The Company’s obligation to accept for purchase, and to pay for,
any Notes validly tendered (and not validly withdrawn) and accepted
for purchase pursuant to the Tender Offer is conditioned upon
satisfaction of the conditions to the Tender Offer set forth in the
Offer to Purchase. See “The Terms of the Tender Offer—Conditions to
the Tender Offer”.
This press release is neither an offer to purchase nor a
solicitation of an offer to sell securities. No offer,
solicitation, purchase or sale will be made in any jurisdiction in
which such offer, solicitation, or sale would be unlawful. The
Tender Offer is being made solely pursuant to terms and conditions
set forth in the Offer to Purchase and the Letter of
Transmittal.
Goldman, Sachs & Co. (“Goldman Sachs”) and J.P. Morgan
Securities LLC (“J.P. Morgan”) are serving as Lead Dealer Managers
for the Tender Offer. Questions regarding the Tender Offer may be
directed to Goldman Sachs at 800-828-3182 (toll free) or
212-902-6941 (collect), or to J.P. Morgan at 866-834-4666 (toll
free) or 212-834-4811 (collect).
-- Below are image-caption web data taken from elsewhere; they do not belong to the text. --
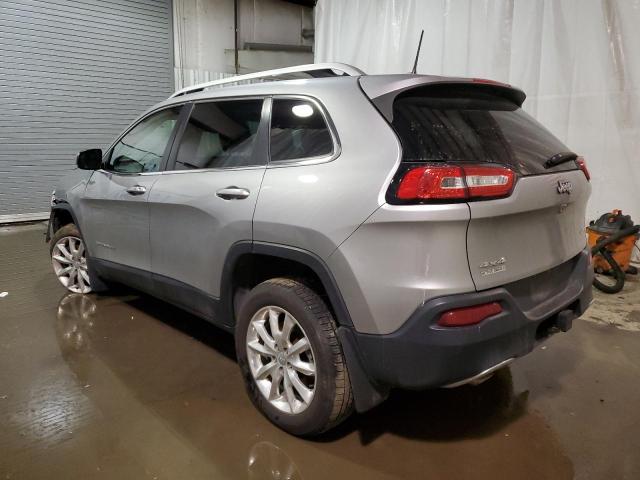 2016 JEEP CHEROKEE L - 1C4PJMDB8GW237387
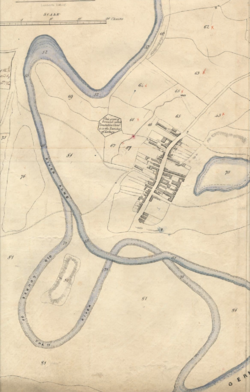 tithe map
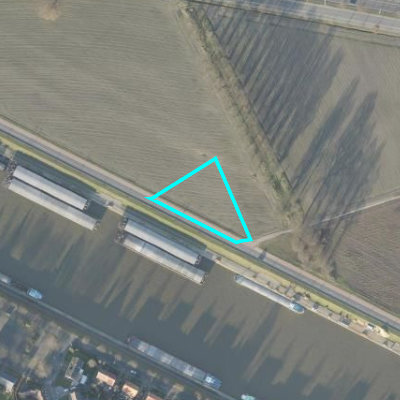 Luchtfoto Vlaanderen 2013 - 2015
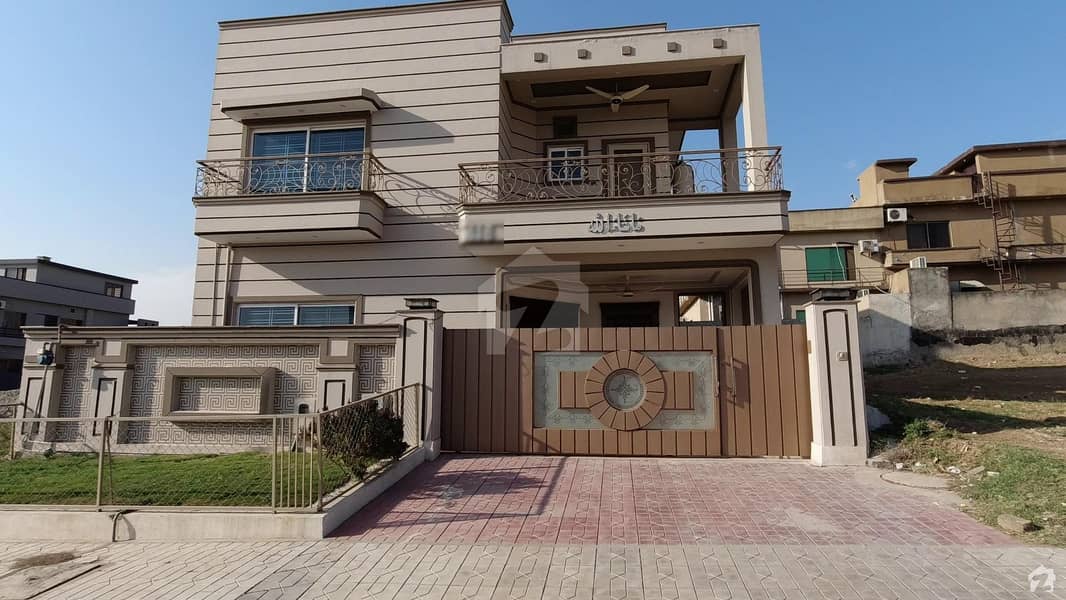 Good 2722  Square Feet House For Sale In Bahria Town Rawalpindi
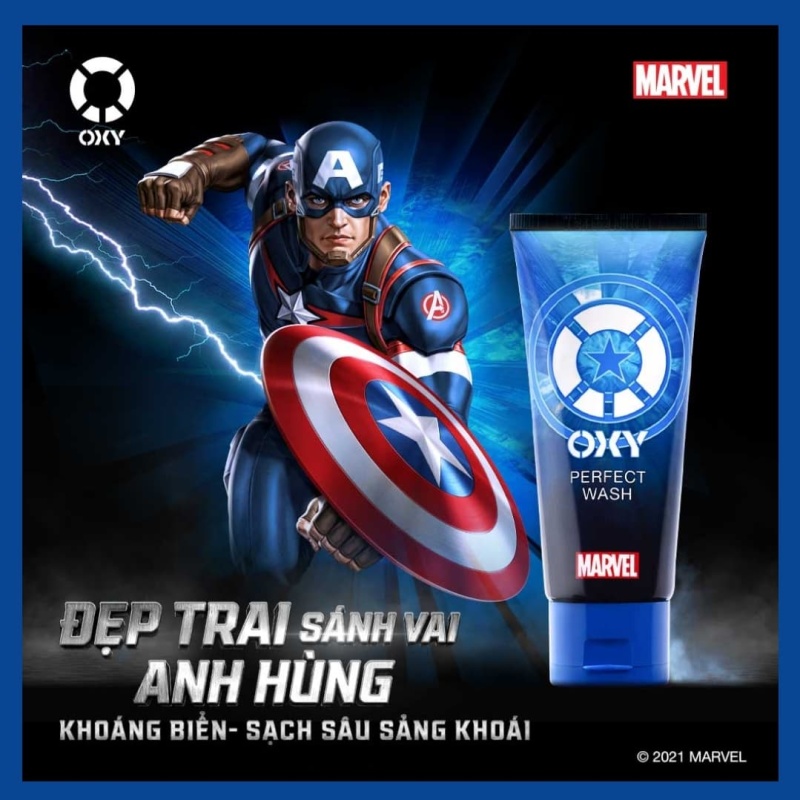 Sữa Rửa Mặt Oxy Perfect Wash 100g giá rẻ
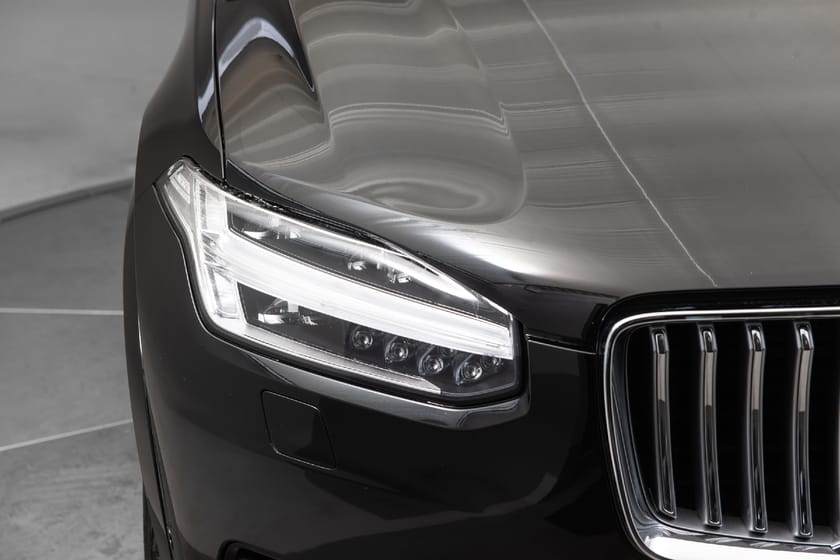 Bilde 3 av Volvo XC90 7-seater T8 Ultimate Bright Luft/Krok/Harman/Elstol/Panorama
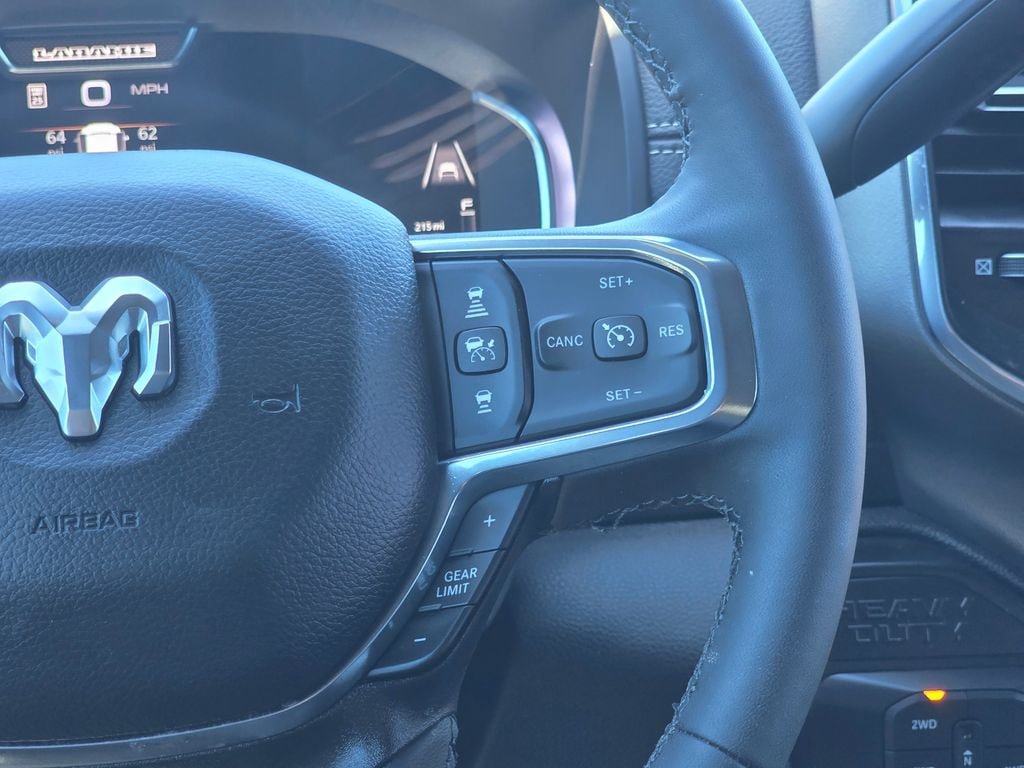 Used 2025 RAM 2500 Laramie w/ Night Edition AWD/4WD image 19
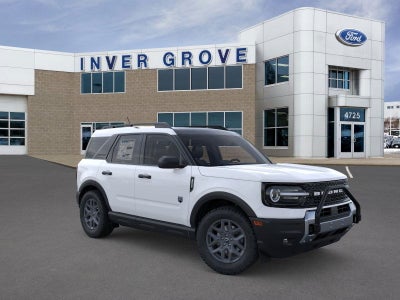 2025 Ford Bronco Sport Big Bend®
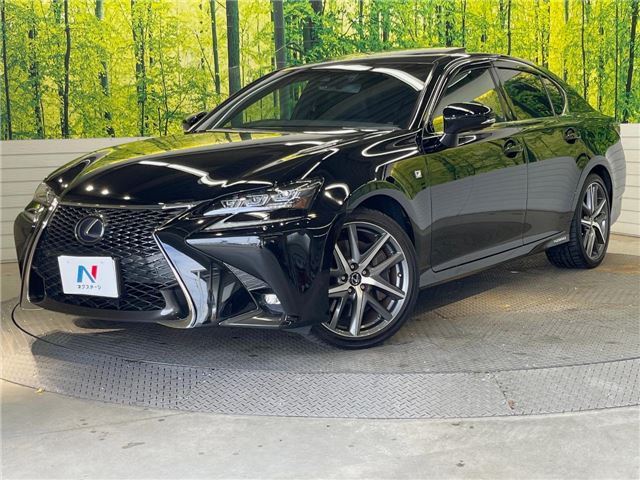 2019 Lexus GS GS450h F Sport Sedan for sale, Japanese used car export - photo 1 of 30 | GULJI TRADERS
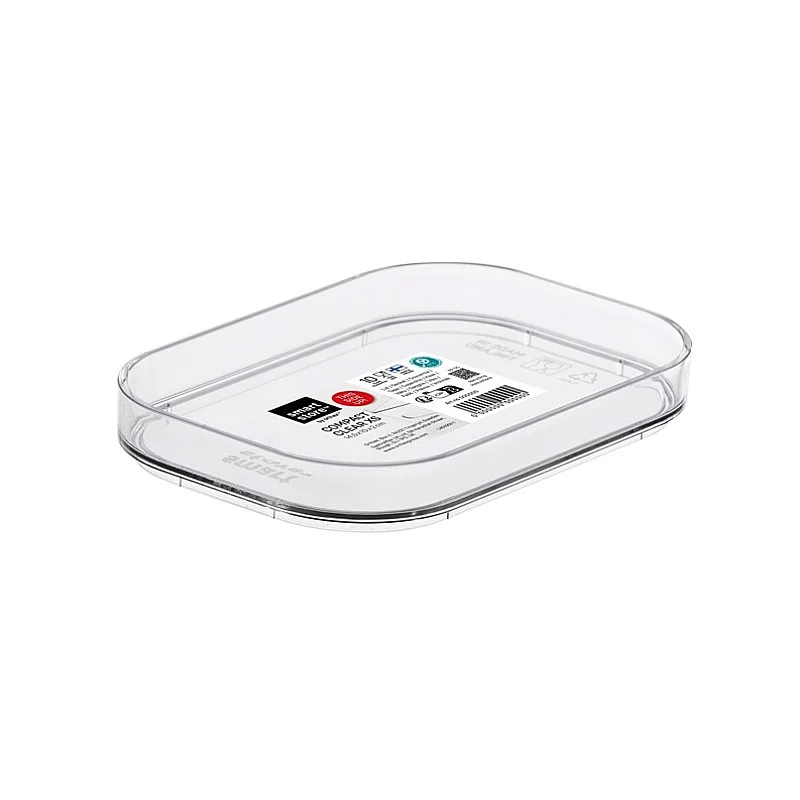 STORAGEBOXLID SMARTSTORECOMPACT CLEARXS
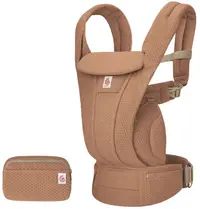 Rucsac ergonomic Ergobaby - Omni Deluxe, Canyon Clay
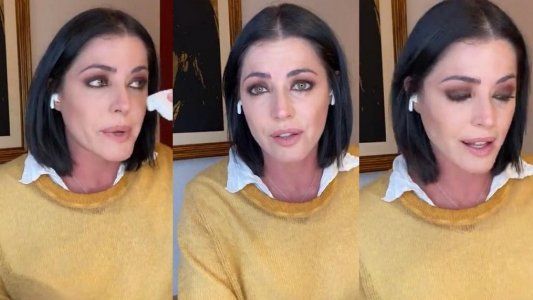 Pamela David: Voy a ser tía, lamentablemente mi hermano no llegó a saberlo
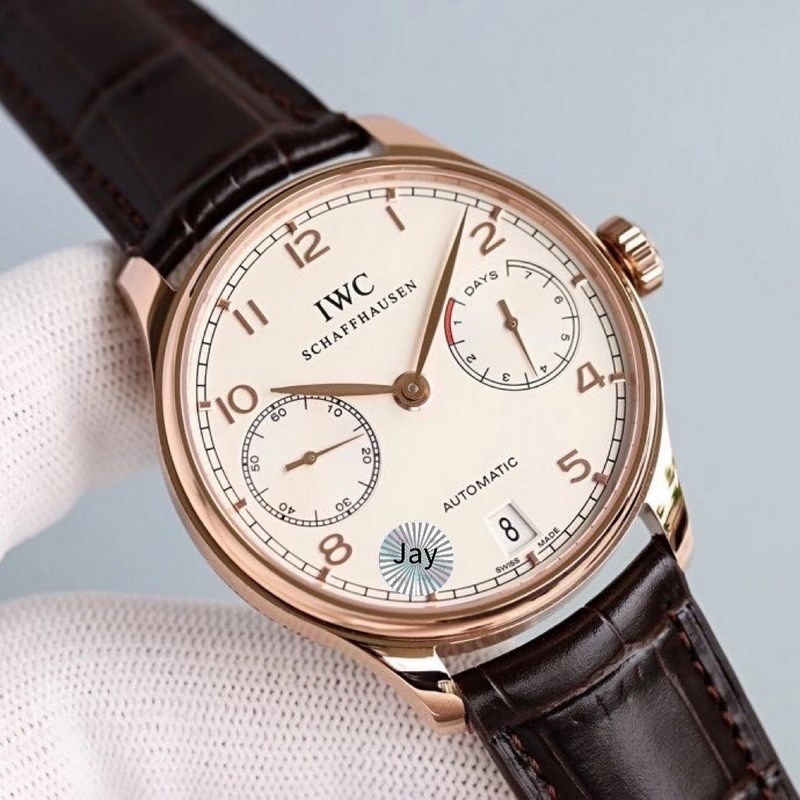 IWC Portuguese Automatic Replica Watch Quality Timepiece-3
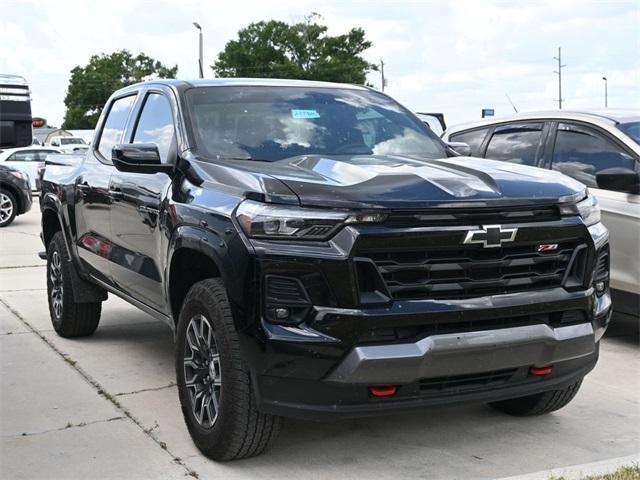 used 2023 Chevrolet Colorado car, priced at $42,789
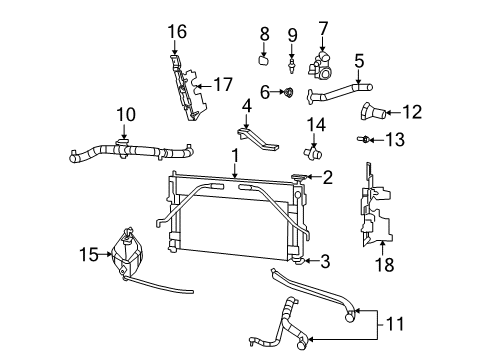 2010 Dodge Avenger PCM Diagram for 5150469AB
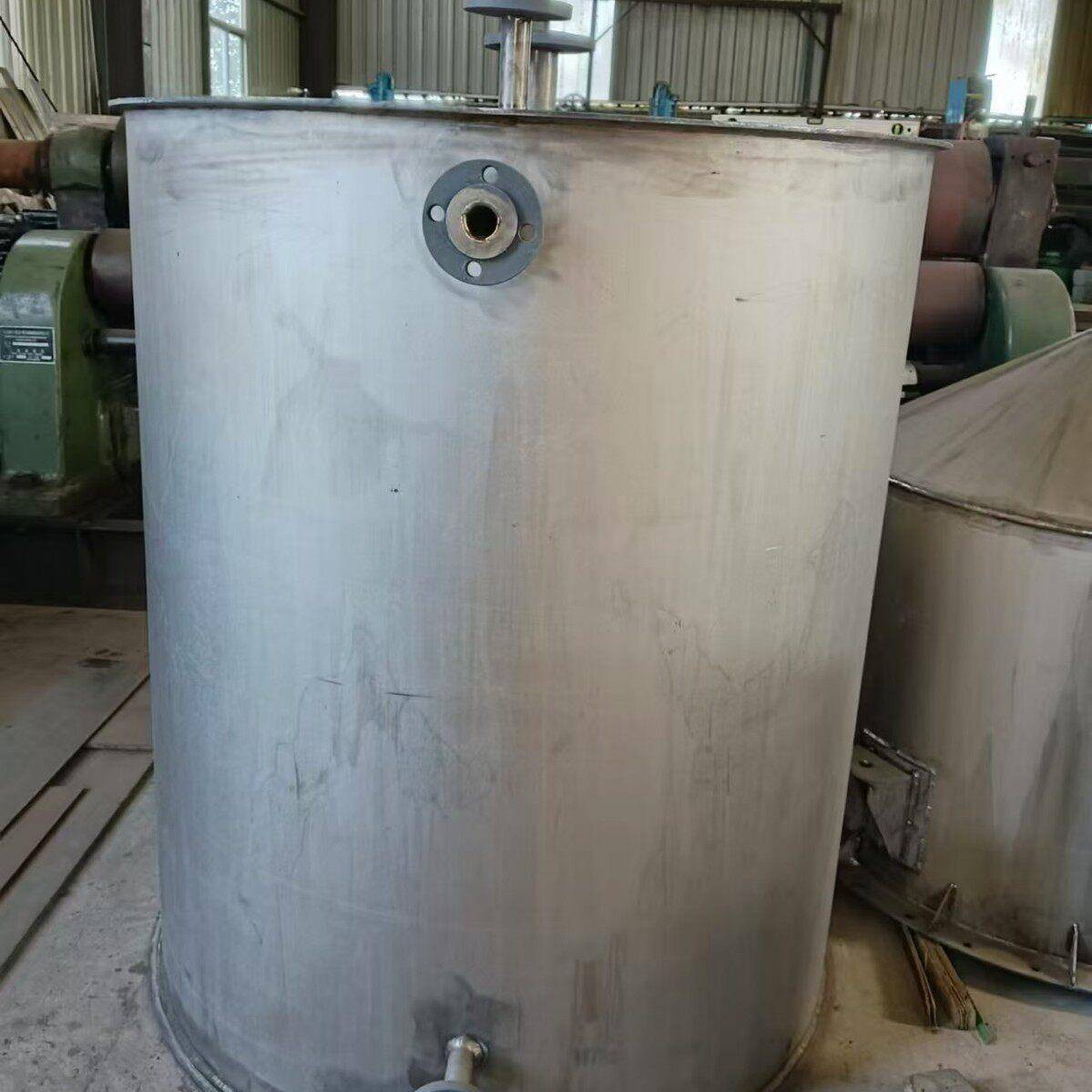 钛合金搅拌设备钛TA1TA2工业纯钛搅拌器钛材反应釜钛
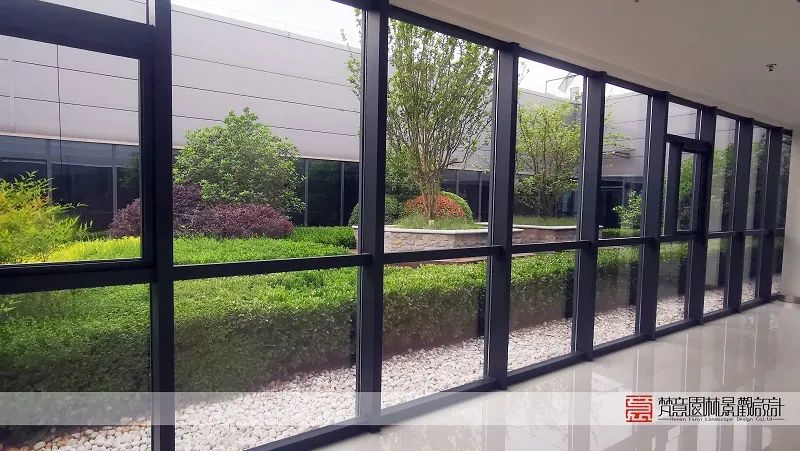 屋頂花園設(shè)計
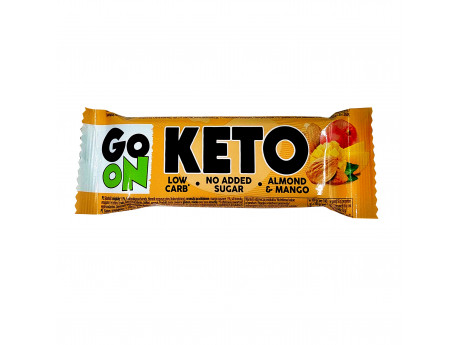 Keto Bar Go On (50 грамів)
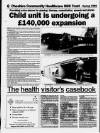 Winsford Chronicle Wednesday 01 May 1996 Page 70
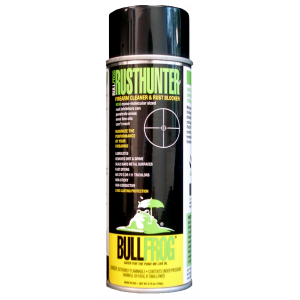 BullFrog 92382 Rust Hunter Gun Cleaner 5.75 oz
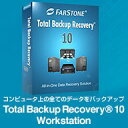FarStone Total Backup Recovery 10 Workstaion _E[h yRs[^̑SẴf[^obNAbvیz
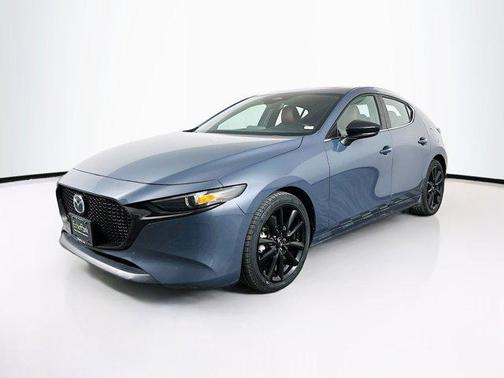 2024 Mazda Mazda3 AWD
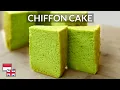 Download Lagu 100% SUKSES LEMBUT! Resep CHIFFON CAKE Pandan [Gluten Free]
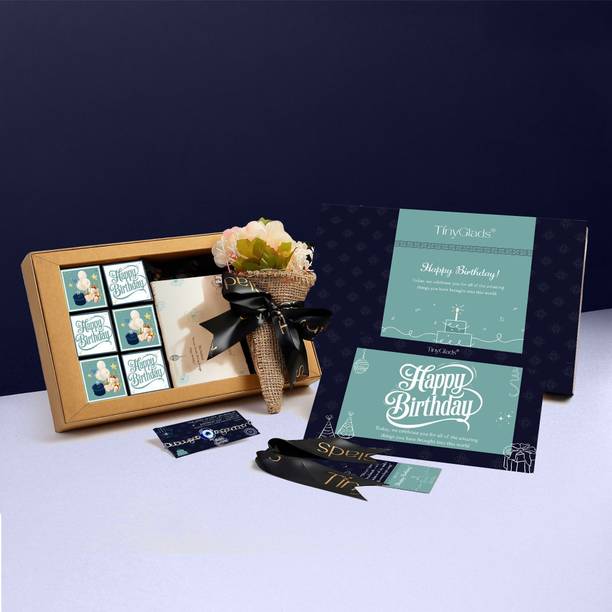 TinyGlads Special Birthday Chocolate Hamper Assorted Gift Box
Requests for the Offer to
Purchase, the Letter of Transmittal, or the documents incorporated
by reference therein may be directed to Global Bondholder Services
Corporation, which is acting as Tender Agent for the Tender Offer,
at the following telephone numbers: banks and brokers,
212-430-3774; all others toll free at 866-924-2200.
About Pitney Bowes
Pitney Bowes provides technology solutions for small, mid-size
and large firms that help them connect with customers to build
loyalty and grow revenue. Many of the Company’s solutions are
delivered on open platforms to best organize, analyze and apply
both public and proprietary data to two-way customer
communications. Pitney Bowes includes direct mail, transactional
mail and call center communications in its solution mix along with
digital channel messaging for the Web, email and mobile
applications. Pitney Bowes: Every connection is a new opportunity™.
www.pb.com.
Forward-Looking Statements
This document contains “forward-looking statements” about our
expected or potential future business and financial performance.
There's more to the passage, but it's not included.